Así, ciertos objetos matemáticos (como algunos conceptos) ofrecen una singular oportunidad para que la belleza, entendida como gozo de los sentidos y el intelecto, encuentre territorio virgen en la estepa desolada del número, y lo transforme, más allá de su mera circunstancia aritmética utilitaria, en un arco de inflexión hacia la creación artística.

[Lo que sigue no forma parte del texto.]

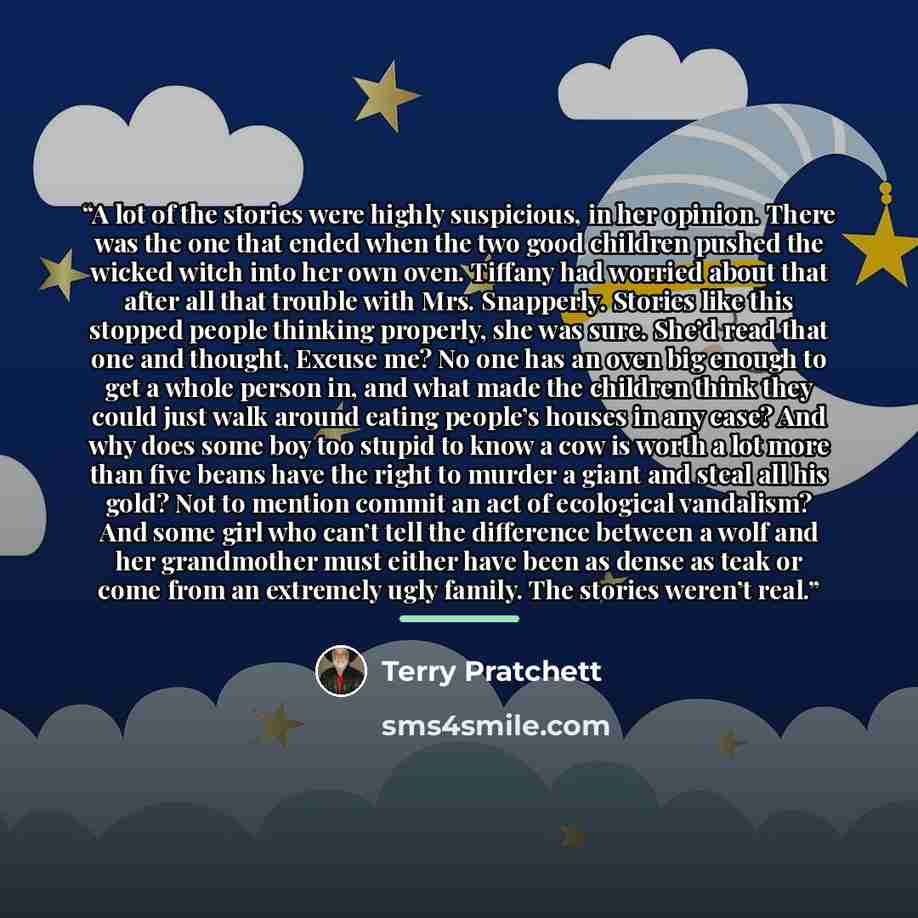 “A lot of the stories were highly suspicious, in her opinion. There was the one that ended when the two good children pushed the wicked witch into her own oven. Tiffany had worried about that after all that trouble with Mrs. Snapperly. Stories like this stopped people thinking properly, she was…” quote by Terry Pratchett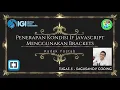 Brackets - Dasar Coding Penerapan Kondisi IF dalam Javascript T5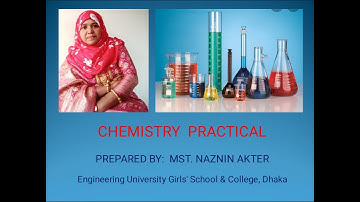 EUGSC, Class: 10, Sub: Chemistry Practical, Lecture: 1 (15.06.21), Mst. Naznin Akter. Part :1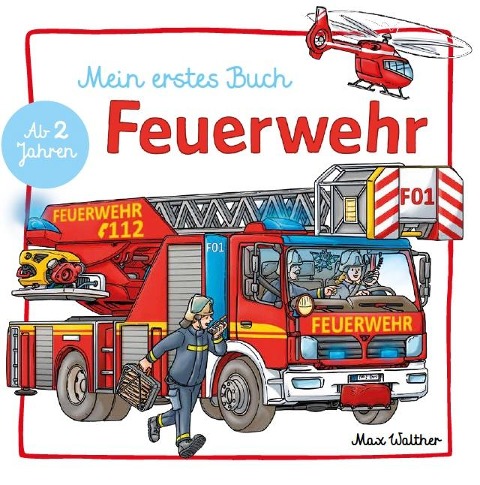 Mein Feuerwehr Buch -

Es en este territorio logotético que la música de Iannis Xenakis (1922-2001) expandió en plenitud sus facultades expresivas. Creación sonora que entre sus directrices quiso acotar la dictadura de la eternidad, conteniéndola tras los barrotes del pentagrama, encadenándola, como un etéreo Prometeo, al silencio... incluso, aunque ello implicara invocar a los demonios del caos.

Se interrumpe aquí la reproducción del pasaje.